The New Normal for B2B Brands: Promise Over Plans
For humans in general, and marketers in particular, a plan is a line of protection. Even now, as society is starting to let go of some lines of protection that have been so important over the past 15 months, we crave protection. We crave control over our chaotic environment, control over our ability to be successful. Control is appealing. Plans are comforting. But plans alone will not make you effective in the “new normal.”
That’s because a plan is different from a strategy.
A plan is also different from a promise.
The events of the past 15 months have drawn a stark line between what matters to your customer and what doesn’t. Understanding exactly where this stark line falls is your critical opportunity, and now is the moment to seize it — to promise something that really matters to your market.
... A plan is different from a strategy. A plan is also different from a promise.

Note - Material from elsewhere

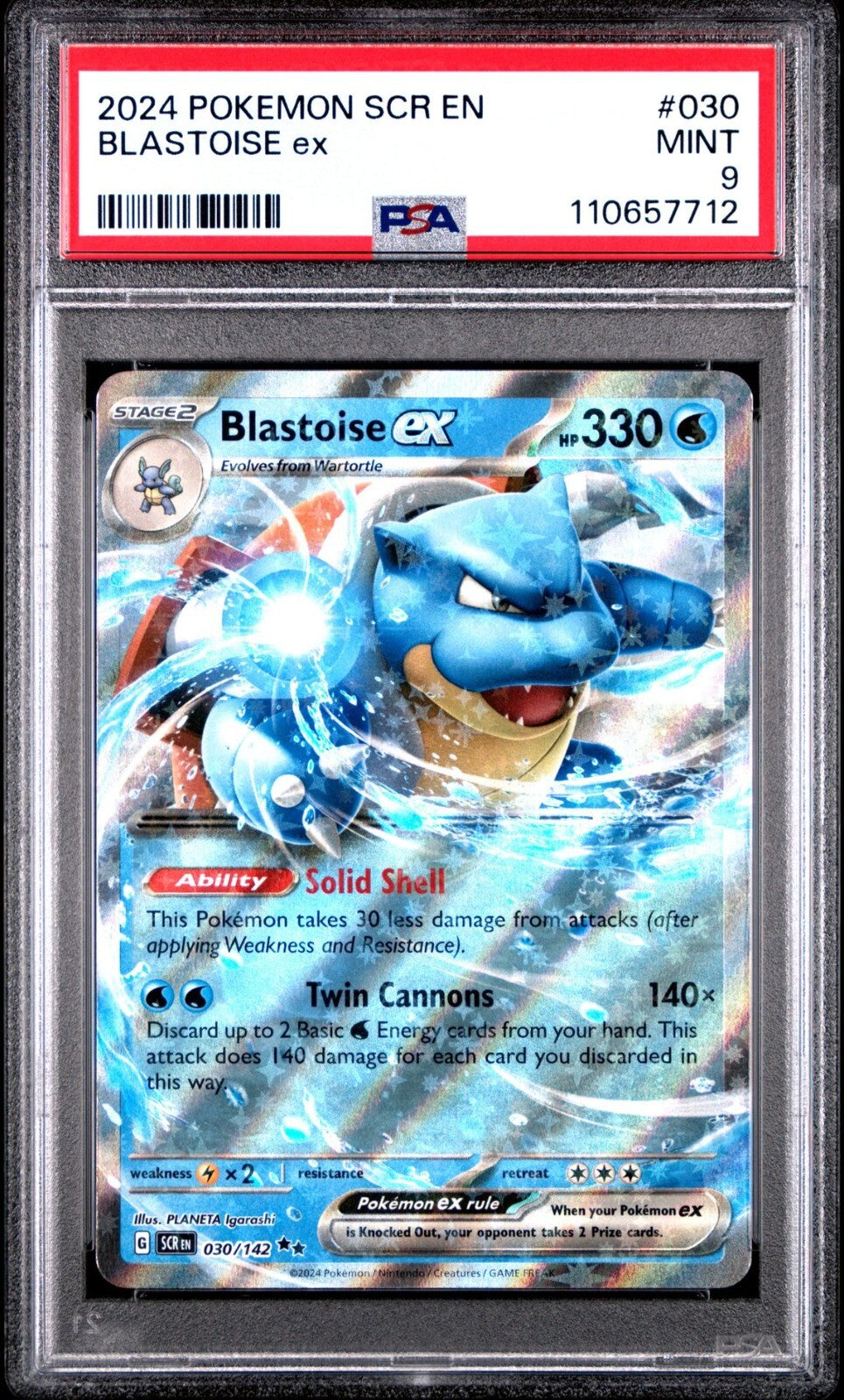 Blastoise ex 030/142 Sv07: Stellar Crown Holo PSA 9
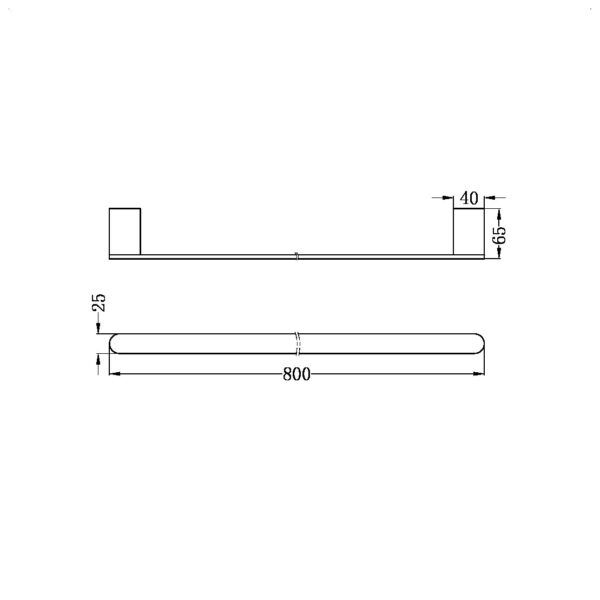 ECCO Brushed Nickel Single Towel Rail 800mm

It will feel challenging and uncomfortable to be honest about what that promise is, to focus less on your proof points and products and more on your commitment to customers. It will be just as challenging and uncomfortable to hold yourself accountable to it, but (here’s my most sophisticated advice) do it anyway. Decide what matters most and decide not to bend from it. This will give your plans — and pivots — a purpose.
The bravest B2B brands are already embracing this concept. We have a manufacturing client that used to differentiate itself from comparable commodity providers by promising precision-engineered products to builders across the country. The events of 2020 didn’t make precision or efficiency less important, but the most important conversation to have became the one around creating jobs, supporting communities, and bringing back American manufacturing.

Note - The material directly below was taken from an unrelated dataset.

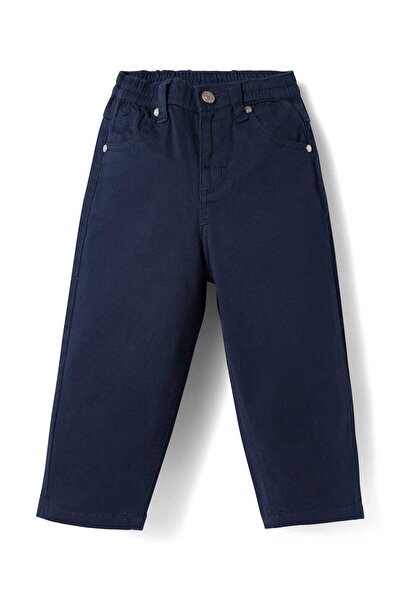 Bonfino Woven Solid Baggy Fit Pants - Navy Blue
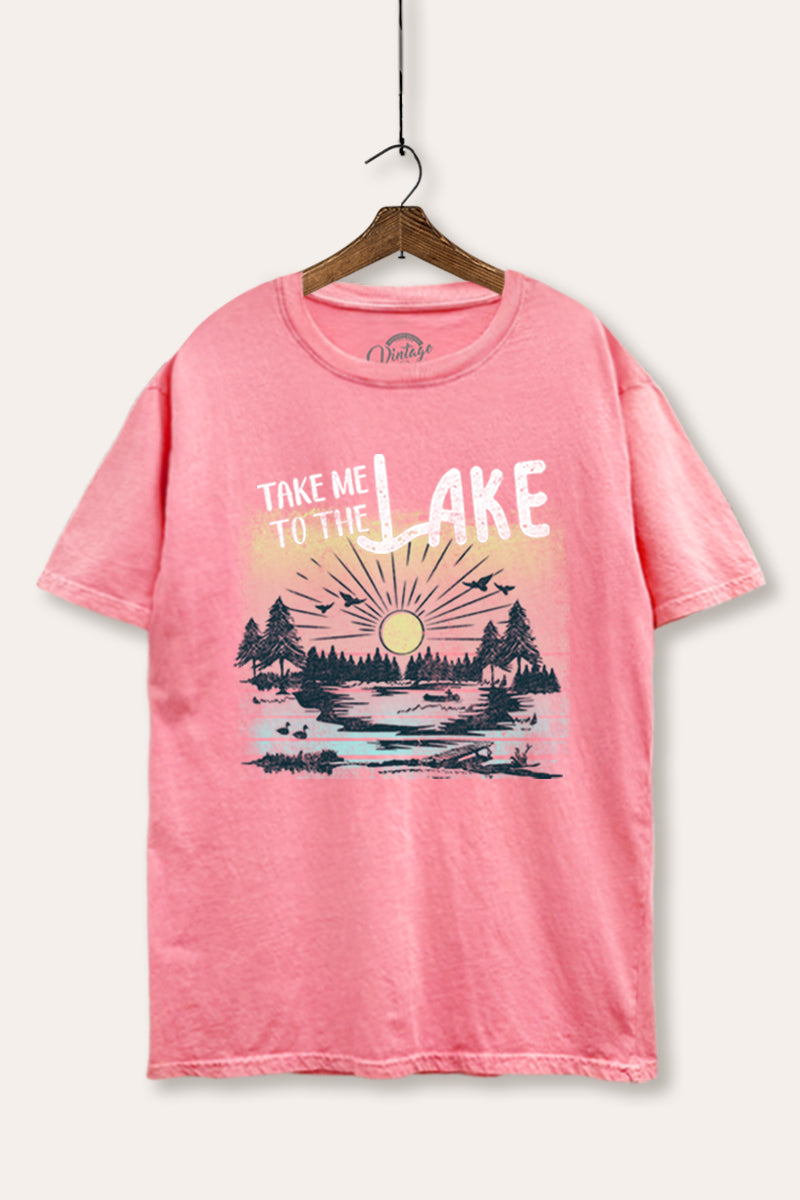 "take me to the lake" tie dye mineral wash boxy graphic tee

We pivoted from a product-focused marketing plan to an advocacy campaign. This shift galvanized the company’s employees and customers and led to the creation of a new coalition in support of making more goods and services right here in the U.S. This umbrella message will influence the product-focused planning going forward and will give every tactical execution a higher purpose.

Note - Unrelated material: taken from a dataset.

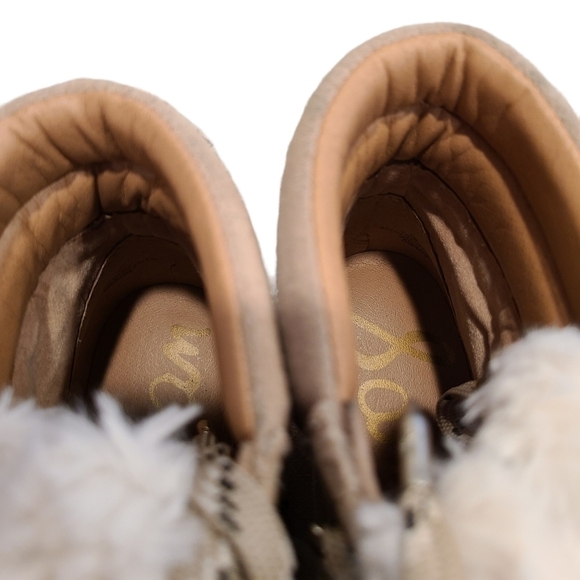 Sam Edelman Suede Lace-up Boots with Faux Fur Detail, Size 7 - Picture 9 of 14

Promising what matters is an exhilarating and not easy approach to crafting the customer experience. Traditional (tactical) marketing plans are easier to make than a meaningful brand promise. And the plans still matter, just through a different lens. As I like to say: Carve your brand promise in stone. Keep your marketing plans in clay. This approach requires a sincere understanding of your customers’ challenges. It requires honesty about what you can promise to ease their pains and increase their capabilities. It requires tolerance and flexibility as you plan and replan the tactics and tools you need to deliver on your brand promise. And it requires strategic and creative courage to deliver effectively.
Carve your brand promise in stone. Keep your marketing plans in clay.